ExecStart=${pkgs.nix}/bin/nix-store -r '/nix/store/%i' \
             --add-root '/nix/var/nix/gcroots/tmp/%n'
ExecStop=${pkgs.coreutils}/bin/rm -v '/nix/var/nix/gcroots/tmp/%n'

This service consists of just a start command and a stop command. The start command “realizes” a store path, which is Nix terms for “make it exist”. Since I have both and my Backblaze bucket configured as binary caches the required derivations will be downloaded from both of them (preferring Once that is done the nix-expr@.service will be considered “running” and etcd-cloudflare-dns will be allowed to start.

Once etcd-cloudflare-dns is done running, either because it has been stopped or it has failed the associated nix-expr@.service will be unneeded (assuming no other service is using the same derivation) and since StopWhenUnneeded is true it will be stopped, removing the gc root and allowing the associated store paths to be freed the next time the garbage collector runs.

It is also important to note that because /nix/var/nix/gcroots/tmp/ is cleared on each boot power failures or other unexpected stops won’t slowly cause your drive to fill. While is is possible that systemd failures could leak gc roots I am assuming that they are rare enough that they won’t cause much of an issue between reboots.


The major downside of this approach is I currently don’t have a good secret management solution. Currently every secret I want to use has to be deployed to all machines and it is accessed using a well known path. While the secret is pretected by filesystem permissions and not written to disk it would be nice to be able to deploy new secrets without modifying the infrastructure layer configuration as well as not having every secret on every machine. I don’t want to put the secrets into the Nix store because that is world readable and fleet services decriptions doens’t seem like the right solution either. For now I am satisfied with my solution however I have thought of a couple more methods including running a secret management service or storing a single encryption key on each node and putting encrypted secrets in the Nix store (downloadable from my binary cache) however none of thoses seems great to me.

Another downside to this approach is the difficulty of preforming security updates. Since the services themselves specify the exact versions of their dependencies there is no way to globally update a package. This means that in a situation were an update is required you would have to get the maintainer of every affected service to release a new version instead of having the option to just update the packaged on every system and have them take effect.
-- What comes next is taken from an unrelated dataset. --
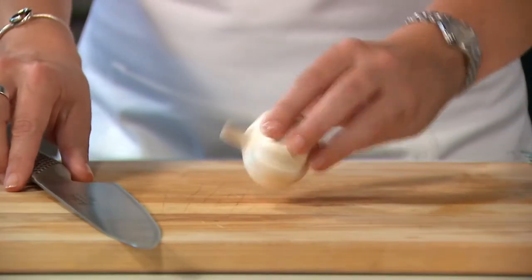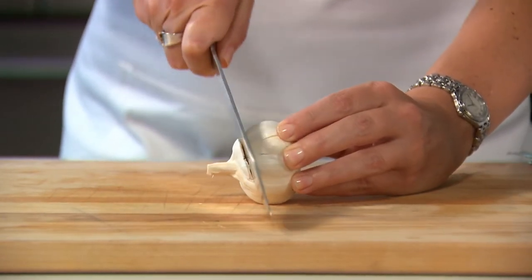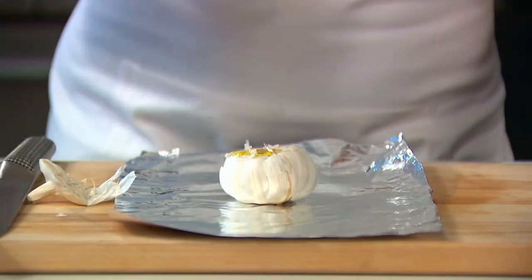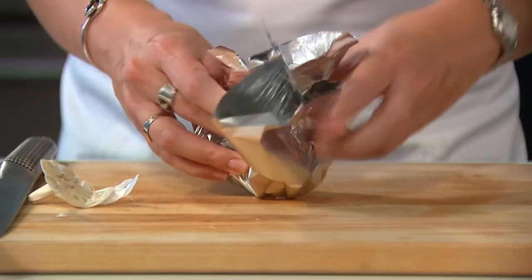Roasting delicious fragrant garlic could not be easier. You simply take a whole head of garlic, lop the top third off with a sharp knife, get a piece of tin foil, drizzle with a little olive oil, and then bundle it up in tin foil and pop it in the oven at 375 for one hour.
However this is a well known tradeoff to having exact dependcies and not unique to this solution. It would be nice to have a script that scans the Nix stores of all machines and reports any vulnrable packages it finds. Tracing these packages to the users would be very easy as Nix maintains a full store path dependency graph.


This solution allows seperating the infrastructure layer from the applications so that changes in each are largely independent (expect for required coupling). This allows abstracting away the actual hardware of the cluster and instead focusing on what your services actually need in order to run. This trivializes deployment and dependency management and when combined with NixOS provides a very robust and pure archetecture.